Peanut butter is a nutrient-dense food

One of the reasons why peanut butter is such a popular food is because it's full of nutrients, healthy fats, and protein. Two tablespoons of peanut butter can contain 7 grams of protein and several grams of fiber, along with a decent amount of added sugar, if you're buying a brand-name jar. If you're buying natural peanut butter in which the only ingredient is peanuts, according to the U.S. Department of Agriculture, the same scoop of peanut butter is going to give you 8 grams of protein and 12% of your recommended daily fiber intake. (Values vary depending on what peanut butter you consume.) Peanut butter is also high in niacin, copper, magnesium, zinc, and vitamin B6.

Despite the volume of macronutrients and micronutrients in peanut butter, eating it may not be as healthy as you think. Since the spread is comprised mainly of fat, it is very high in calories. Two tablespoons are around 190 calories for most peanut butter brands. Therefore, this is one food you'll want to eat in moderation.
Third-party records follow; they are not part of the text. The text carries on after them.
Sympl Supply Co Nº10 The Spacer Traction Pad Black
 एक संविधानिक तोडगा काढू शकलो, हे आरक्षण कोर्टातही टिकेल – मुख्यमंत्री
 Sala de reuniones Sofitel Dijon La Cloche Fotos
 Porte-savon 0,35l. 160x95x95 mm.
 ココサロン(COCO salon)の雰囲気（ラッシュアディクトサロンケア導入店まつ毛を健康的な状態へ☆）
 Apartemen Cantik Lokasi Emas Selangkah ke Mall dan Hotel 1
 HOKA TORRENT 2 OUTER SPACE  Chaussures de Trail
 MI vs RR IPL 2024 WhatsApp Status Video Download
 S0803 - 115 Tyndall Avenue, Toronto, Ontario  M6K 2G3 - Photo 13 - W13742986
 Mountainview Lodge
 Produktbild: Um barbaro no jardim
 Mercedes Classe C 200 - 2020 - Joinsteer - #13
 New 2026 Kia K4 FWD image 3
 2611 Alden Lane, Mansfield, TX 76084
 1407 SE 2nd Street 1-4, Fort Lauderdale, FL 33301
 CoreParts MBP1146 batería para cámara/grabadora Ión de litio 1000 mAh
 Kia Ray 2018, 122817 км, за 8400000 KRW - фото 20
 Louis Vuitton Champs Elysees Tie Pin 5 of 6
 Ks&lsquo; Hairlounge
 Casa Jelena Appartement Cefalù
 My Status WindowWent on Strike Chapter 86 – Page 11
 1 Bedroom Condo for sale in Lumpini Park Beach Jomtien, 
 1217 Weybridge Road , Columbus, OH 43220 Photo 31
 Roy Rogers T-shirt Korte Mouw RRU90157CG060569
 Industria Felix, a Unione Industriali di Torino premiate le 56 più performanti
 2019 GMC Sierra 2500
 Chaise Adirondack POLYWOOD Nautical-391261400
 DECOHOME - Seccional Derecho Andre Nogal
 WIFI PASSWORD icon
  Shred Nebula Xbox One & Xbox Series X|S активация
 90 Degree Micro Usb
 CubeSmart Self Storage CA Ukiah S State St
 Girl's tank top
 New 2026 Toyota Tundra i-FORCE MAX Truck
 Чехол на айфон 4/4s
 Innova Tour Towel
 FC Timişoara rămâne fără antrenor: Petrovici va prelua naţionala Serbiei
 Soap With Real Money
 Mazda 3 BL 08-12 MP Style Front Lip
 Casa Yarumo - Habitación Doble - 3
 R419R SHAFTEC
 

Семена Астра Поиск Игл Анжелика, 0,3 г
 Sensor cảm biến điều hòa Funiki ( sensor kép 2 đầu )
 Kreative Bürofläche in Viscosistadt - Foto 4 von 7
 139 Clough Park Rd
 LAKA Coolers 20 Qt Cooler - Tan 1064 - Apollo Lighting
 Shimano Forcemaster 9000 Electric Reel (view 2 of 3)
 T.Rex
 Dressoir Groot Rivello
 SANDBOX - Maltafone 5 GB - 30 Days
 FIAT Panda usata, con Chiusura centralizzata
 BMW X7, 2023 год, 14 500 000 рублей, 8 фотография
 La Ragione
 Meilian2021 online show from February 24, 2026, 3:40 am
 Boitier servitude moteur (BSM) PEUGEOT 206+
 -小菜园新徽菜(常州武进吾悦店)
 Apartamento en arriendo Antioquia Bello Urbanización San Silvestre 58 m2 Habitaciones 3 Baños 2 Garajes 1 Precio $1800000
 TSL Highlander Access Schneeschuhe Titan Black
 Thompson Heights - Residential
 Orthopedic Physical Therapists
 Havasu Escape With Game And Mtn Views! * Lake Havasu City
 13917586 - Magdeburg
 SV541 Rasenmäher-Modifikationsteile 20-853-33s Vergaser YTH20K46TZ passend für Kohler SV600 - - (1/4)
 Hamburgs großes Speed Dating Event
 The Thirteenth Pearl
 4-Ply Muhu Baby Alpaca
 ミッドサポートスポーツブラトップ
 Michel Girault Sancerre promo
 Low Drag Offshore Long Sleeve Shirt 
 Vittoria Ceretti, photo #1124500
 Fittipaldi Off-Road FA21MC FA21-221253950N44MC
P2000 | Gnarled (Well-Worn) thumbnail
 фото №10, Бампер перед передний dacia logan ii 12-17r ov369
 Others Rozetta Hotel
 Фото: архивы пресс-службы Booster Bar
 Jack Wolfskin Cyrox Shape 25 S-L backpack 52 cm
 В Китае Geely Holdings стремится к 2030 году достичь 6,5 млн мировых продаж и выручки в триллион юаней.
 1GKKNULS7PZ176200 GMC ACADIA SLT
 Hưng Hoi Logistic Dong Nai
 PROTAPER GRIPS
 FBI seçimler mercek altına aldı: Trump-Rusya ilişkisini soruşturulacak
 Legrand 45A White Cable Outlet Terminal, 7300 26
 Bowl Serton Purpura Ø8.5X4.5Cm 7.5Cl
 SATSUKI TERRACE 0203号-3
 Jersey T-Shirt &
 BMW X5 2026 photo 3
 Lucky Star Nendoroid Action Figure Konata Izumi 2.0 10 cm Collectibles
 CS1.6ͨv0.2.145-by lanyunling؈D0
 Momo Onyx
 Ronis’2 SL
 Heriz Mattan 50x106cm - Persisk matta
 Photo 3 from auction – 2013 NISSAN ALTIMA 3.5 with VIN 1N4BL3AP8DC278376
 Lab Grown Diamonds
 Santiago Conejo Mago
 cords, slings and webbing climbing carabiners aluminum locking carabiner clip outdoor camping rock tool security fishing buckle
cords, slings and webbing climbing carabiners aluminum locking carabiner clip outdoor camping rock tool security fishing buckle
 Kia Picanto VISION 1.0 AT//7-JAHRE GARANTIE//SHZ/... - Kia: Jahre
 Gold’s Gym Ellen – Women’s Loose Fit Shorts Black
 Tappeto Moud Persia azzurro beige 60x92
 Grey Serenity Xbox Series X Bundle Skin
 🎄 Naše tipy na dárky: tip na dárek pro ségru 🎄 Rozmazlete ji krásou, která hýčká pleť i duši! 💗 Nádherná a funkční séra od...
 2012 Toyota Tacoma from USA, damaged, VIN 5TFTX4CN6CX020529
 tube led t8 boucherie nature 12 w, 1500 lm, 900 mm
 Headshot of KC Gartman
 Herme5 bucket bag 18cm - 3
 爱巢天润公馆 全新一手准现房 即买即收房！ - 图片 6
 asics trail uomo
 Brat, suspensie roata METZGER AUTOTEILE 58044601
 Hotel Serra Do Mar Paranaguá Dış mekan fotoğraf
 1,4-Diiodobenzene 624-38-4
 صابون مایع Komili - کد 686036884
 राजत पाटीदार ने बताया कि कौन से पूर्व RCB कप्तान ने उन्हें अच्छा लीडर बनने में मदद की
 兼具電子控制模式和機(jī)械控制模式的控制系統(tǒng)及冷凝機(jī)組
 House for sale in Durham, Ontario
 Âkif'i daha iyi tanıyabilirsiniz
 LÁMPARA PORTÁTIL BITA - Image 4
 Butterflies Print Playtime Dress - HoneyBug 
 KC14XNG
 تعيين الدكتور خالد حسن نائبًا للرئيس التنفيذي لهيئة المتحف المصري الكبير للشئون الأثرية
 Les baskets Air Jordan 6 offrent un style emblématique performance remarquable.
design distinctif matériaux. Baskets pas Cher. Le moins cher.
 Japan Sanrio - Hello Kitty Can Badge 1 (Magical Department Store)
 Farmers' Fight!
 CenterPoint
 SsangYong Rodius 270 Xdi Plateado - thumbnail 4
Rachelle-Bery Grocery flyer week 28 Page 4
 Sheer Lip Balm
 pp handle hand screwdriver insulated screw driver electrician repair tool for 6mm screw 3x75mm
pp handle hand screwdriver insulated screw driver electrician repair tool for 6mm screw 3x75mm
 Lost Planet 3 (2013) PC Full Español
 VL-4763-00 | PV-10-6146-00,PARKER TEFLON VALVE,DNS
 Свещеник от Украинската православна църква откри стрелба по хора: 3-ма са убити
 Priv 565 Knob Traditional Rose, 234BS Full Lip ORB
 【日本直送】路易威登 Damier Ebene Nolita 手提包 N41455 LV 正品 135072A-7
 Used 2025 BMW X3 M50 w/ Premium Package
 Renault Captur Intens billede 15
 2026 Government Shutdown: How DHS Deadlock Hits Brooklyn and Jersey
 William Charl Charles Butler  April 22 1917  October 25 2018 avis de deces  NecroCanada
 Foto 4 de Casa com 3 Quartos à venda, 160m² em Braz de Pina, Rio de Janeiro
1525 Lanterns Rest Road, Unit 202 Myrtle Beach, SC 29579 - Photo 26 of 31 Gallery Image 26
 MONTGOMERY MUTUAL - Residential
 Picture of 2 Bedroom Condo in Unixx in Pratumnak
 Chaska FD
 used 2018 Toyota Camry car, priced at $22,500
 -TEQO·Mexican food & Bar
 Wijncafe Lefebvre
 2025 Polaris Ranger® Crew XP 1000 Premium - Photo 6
If you want to eat more peanut butter for fewer calories, drain the oil off the top of natural peanut butter or use powdered peanut butter instead.

Eating peanut butter every day could lead to health problems

Peanut butter is just so delicious and full of healthy fats that you may want to eat the whole jar in a single sitting. But it is possible to eat too much peanut butter — and the effects are serious. If you consume peanut butter too often, your body can build up an intolerance to it. While not as severe as a peanut allergy, the intolerance can cause some gastrointestinal upset.

You should consult your doctor immediately if you eat peanut butter daily and notice symptoms like acne, fatigue, skin rashes, or unexplained weight gain. Removing the offending food from your diet should cause improvement and lessen physical symptoms in three to six weeks. The best prevention method for food intolerances is to vary your diet and avoid eating the same foods every day for extended periods of time. It might be healthy to eat peanut butter, but too much of anything — healthy or not — is never good for you.

Crazy Richard's is the oldest peanut butter company in the United States

Peanut butter has been around for many, many years. But the winner for the oldest peanut butter brand in the United States goes to Crazy Richard's peanut butter. The company has changed hands and names over the years but still makes the same peanut butter — with 100% peanuts. You can find this brand of peanut butter at some specialty stores, online retailers, and grocery stores like Walmart.

Crazy Richard's has a somewhat long and elaborate origin story. In 1898, the Krema Products Company opened for business in Columbus, Ohio. The company sold peanut butter without added preservatives, sugars, or oils in 1908, differentiating it from other companies selling peanut butter made with added hydrogenated oils and sugar. The Krema company was eventually bought by former corporate banker Richard Sonksen in 1988. His daughter, Kimmi, is now running the company under the name "Crazy Richard's."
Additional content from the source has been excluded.